TASK ITEM. Working from the records below, return word for word the line that contains "Fender Squier FSR" and each line after it, ending with the last. Skip all pictures.

SUPPLIED MATERIAL.
━━━━━━━━━━━━━━━━━━━━━━━━━━━━━━
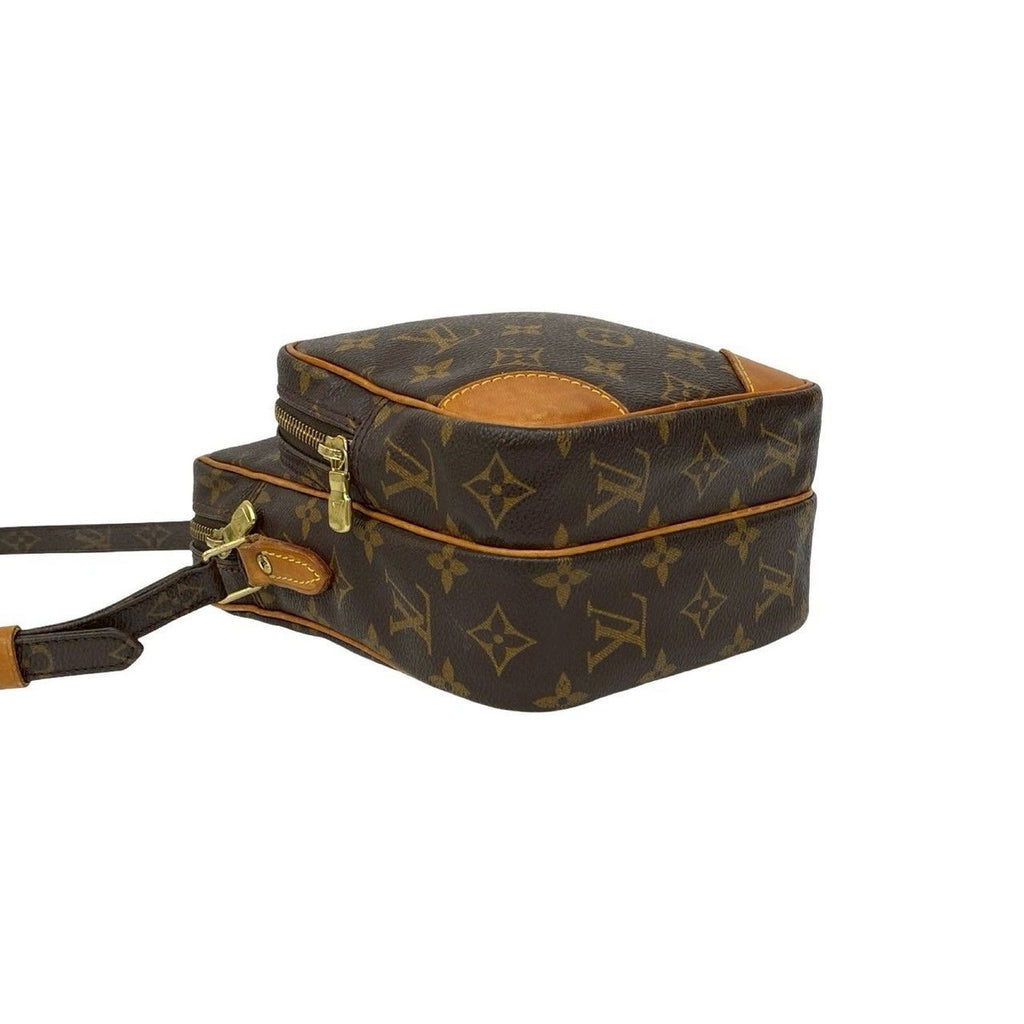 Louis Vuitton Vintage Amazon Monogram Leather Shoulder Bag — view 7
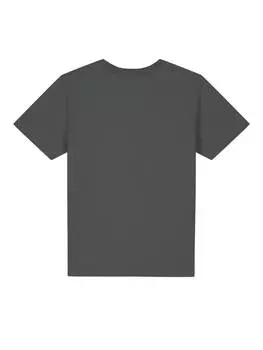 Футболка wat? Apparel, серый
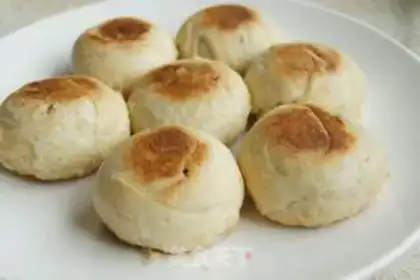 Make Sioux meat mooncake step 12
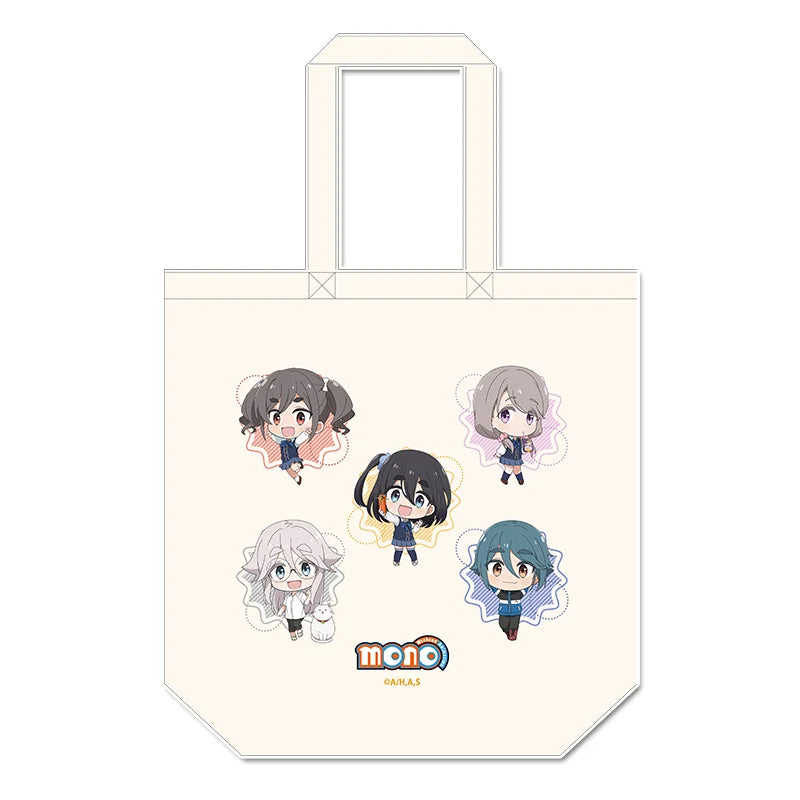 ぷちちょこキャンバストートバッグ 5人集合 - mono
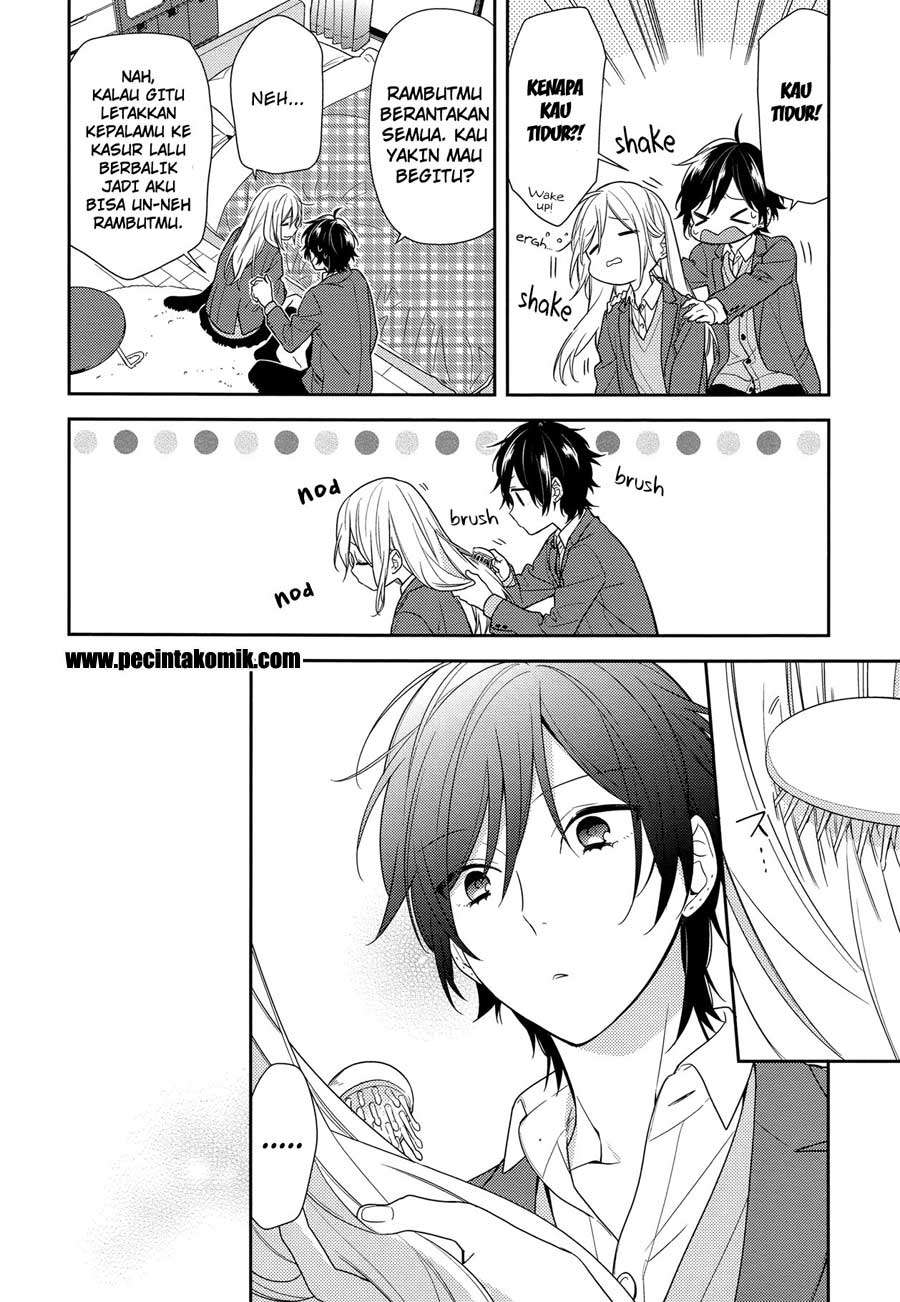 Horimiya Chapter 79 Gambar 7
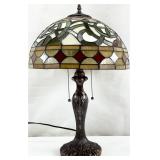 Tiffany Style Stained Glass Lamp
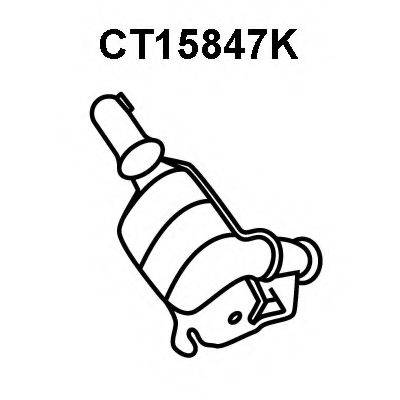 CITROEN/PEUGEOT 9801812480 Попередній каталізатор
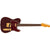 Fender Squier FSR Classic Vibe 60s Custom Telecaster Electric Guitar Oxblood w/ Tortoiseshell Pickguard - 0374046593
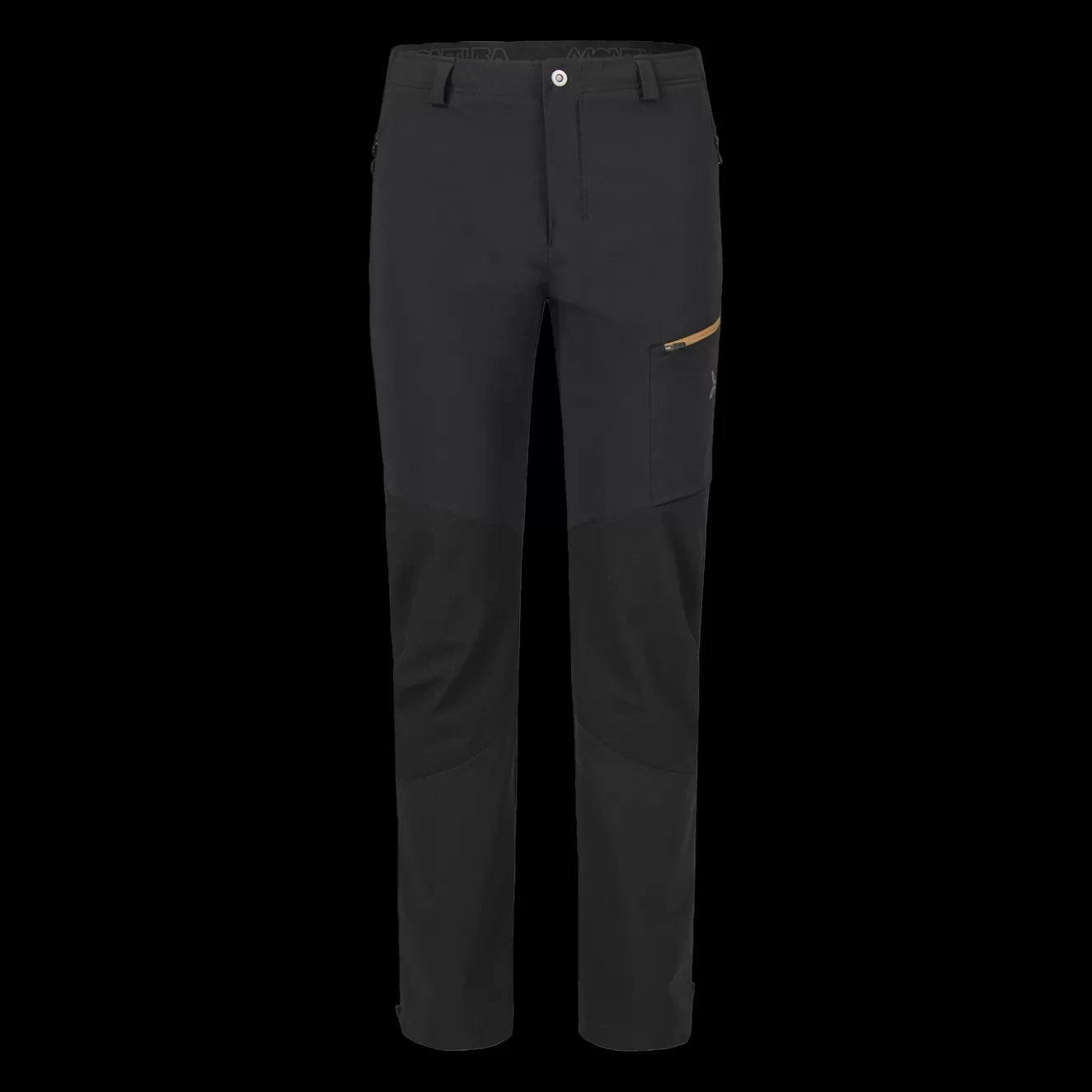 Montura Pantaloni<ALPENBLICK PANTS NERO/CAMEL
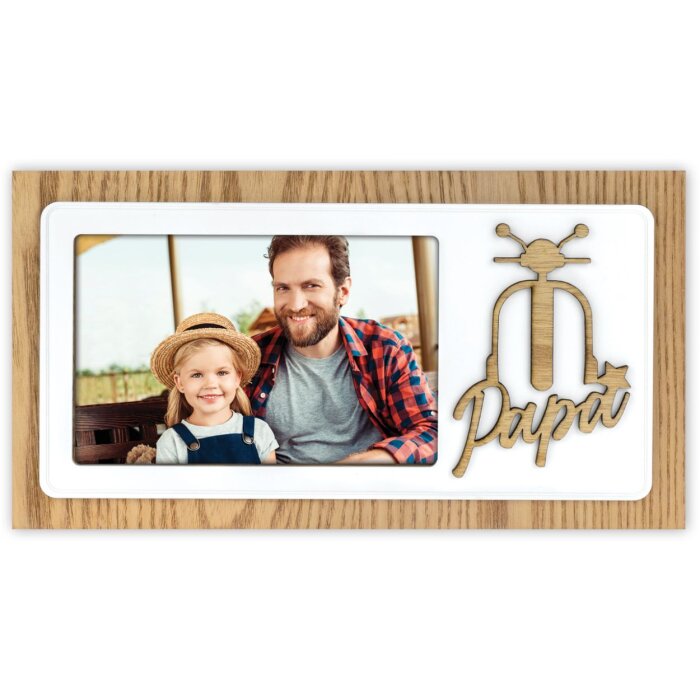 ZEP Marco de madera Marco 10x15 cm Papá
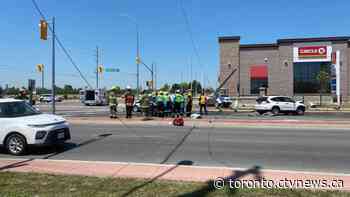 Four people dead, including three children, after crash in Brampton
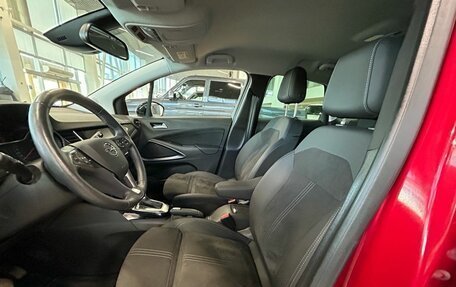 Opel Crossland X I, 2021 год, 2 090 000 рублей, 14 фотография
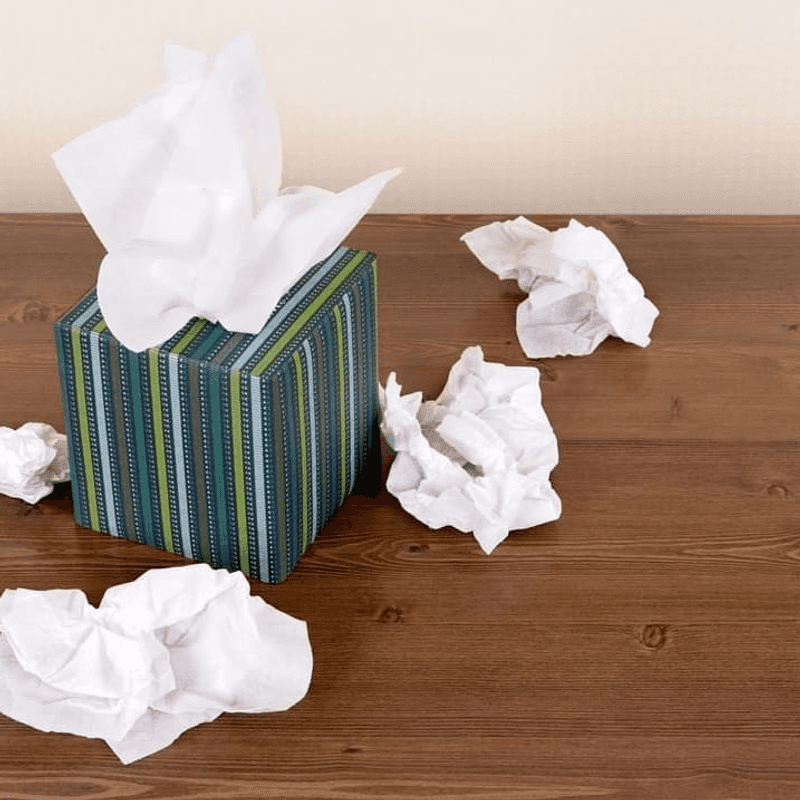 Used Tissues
━━━━━━━━━━━━━━━━━━━━━━━━━━━━━━
YOUR RESPONSE.
 Fender Squier FSR Classic Vibe 60s Custom Telecaster Electric Guitar Oxblood w/ Tortoiseshell Pickguard - 0374046593
 Montura Pantaloni<ALPENBLICK PANTS NERO/CAMEL
 ZEP Marco de madera Marco 10x15 cm Papá
 Four people dead, including three children, after crash in Brampton
 Opel Crossland X I, 2021 год, 2 090 000 рублей, 14 фотография
 Used Tissues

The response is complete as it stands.